Gregorio X volle i vescovi vicino alla gente e donò il necessario per costruire questa splendida cattedrale dentro le mura urbiche. Il Papa che qui attende la Resurrezione ci interpella ancora oggi sull’opera della Chiesa e l’incidenza della fede nella nostra città. Questo è il senso della celebrazione odierna”. 

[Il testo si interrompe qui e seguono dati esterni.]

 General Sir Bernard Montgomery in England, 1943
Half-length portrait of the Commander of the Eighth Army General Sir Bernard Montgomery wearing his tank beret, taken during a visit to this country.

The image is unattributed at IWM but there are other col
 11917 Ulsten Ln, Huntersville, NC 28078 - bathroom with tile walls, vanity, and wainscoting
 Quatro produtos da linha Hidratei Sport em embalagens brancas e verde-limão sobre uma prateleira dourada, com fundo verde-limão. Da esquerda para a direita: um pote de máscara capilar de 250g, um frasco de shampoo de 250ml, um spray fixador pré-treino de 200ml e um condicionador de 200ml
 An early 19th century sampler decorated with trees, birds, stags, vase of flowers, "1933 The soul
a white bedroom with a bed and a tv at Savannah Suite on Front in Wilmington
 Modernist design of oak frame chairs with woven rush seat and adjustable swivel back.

Non è mancato un ricordo personale dettato dalla recente visita di Bartolomeo, Patriarca Ecumenico di Costantinopoli, lo scorso 26 ottobre, allorché si fermò in preghiera di fronte alle spoglie mortali di questo grande Papa. “Mi sono profondamente commosso – ha confessato il presule – davanti a quel gesto di Bartolomeo. L’attualità del messaggio è palese. La sfida anche per questa nostra comunità aretina è esaltante e aiuta a recuperare le grandi vedute che ci porteranno fuori dalle difficoltà del presente. Gregorio X è il Papa di Marco Polo e del primo contatto la Chiesa e la Cina. Per le nostre piazza passarono queste misure e ci danno ancor oggi coraggio. Predicare il Vangelo ad ogni creatura, “purché…in ogni maniera Cristo venga annunziato” è un programma di vita che si fonda sulla certezza che i valori cristiani hanno una intrinseca capacità di risanare la città dell’uomo”.
E allora cosa possiamo noi oggi imparare dal Beato Gregorio? 

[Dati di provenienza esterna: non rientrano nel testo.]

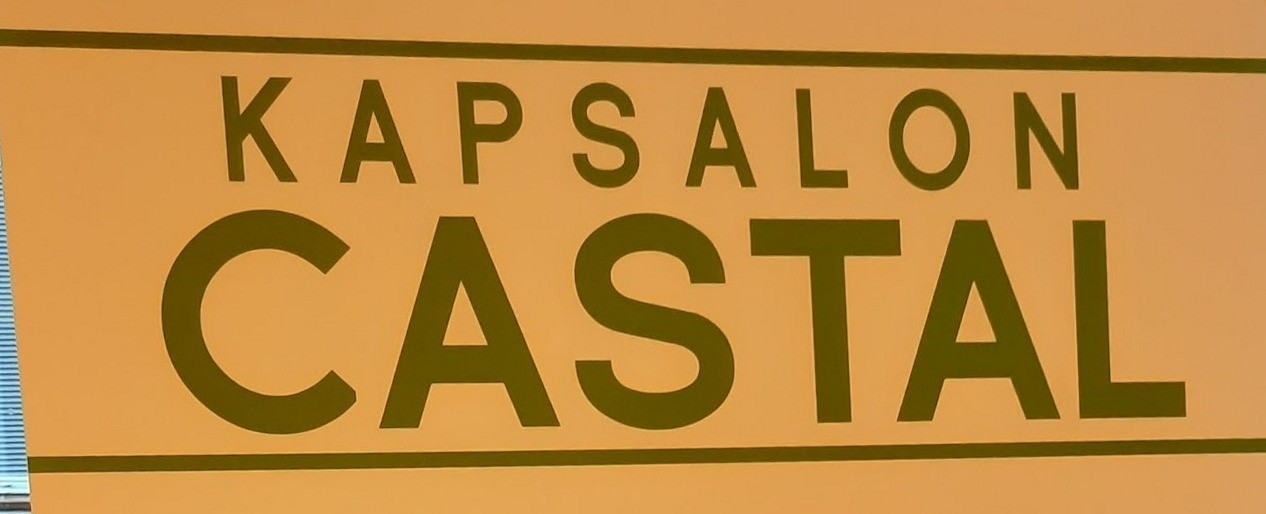 De naam KAPSALON CASTAL in olijfgroene letters op het raam van de zaak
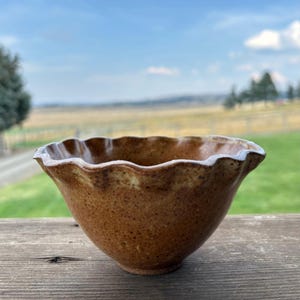 May include: A handmade ceramic bowl with a ruffled rim. The bowl is a warm brown color with a speckled texture and a white rim. The bowl is sitting on a wooden surface, with a blurred outdoor background.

“Che le diversità sono una ricchezza; solo le divisioni sono opera del maligno – ha sottolineato con forza mons. Fontana -. Le relazioni anche con le culture più lontane sono una risorsa, l’accoglienza degli altri una via da percorrere. Il tema ha ancora una grande attualità nella nostra terra e ci induce a riflessioni che meritano di essere privilegiate, laddove si cerchi davvero il bene comune e la difesa dei più piccoli”.
 
Quanto è attuale il messaggio di Gregorio X?  “Con coraggio si mise alla difesa dei poveri. Mise la scomunica a chi avesse provato a fare l’usura, che è un male terribile, sempre in agguato. Quando l’economia si fa incurante dei bisogni dei piccoli, quando si mina la sopravvivenza dei meno abbienti e, pur di raggiungere i propri scopi, si ignora il disagio delle fasce più deboli della società non vi può essere la benedizione del Signore”.
 
“Nel secolo XIII così come oggi la sfida per i cristiani intenti al bene comune è praticare la via del Vangelo, non solo parlarne. Il Papa che veneriamo per la sua santità ci insegna il dialogo e l’apertura verso il mondo: la nostra missione è quella di evangelizzare, non di condannare. Ci insegna a non avere paura, pur di annunziare Gesù! I santi ci insegnano a svegliarci, a uscire dal sonno, ad avere il coraggio delle riforme, il coraggio del nuovo. Il resto viene con certezza, perché dietro c’è il Signore con la sua potenza. La gloria di Dio risplende davvero nei suoi Santi. Come a loro, anche a noi battezzati, cioè coinvolti con Cristo nello Spirito Santo, tocca di fare lo stesso”, ha concluso l’arcivescovo di Arezzo-Cortona-Sansepolcro davanti ai fedeli riuniti questo pomeriggio in Cattedrale, alle 18, alla Santa Messa in onore del co-patrono di Arezzo, Beato Gregorio X.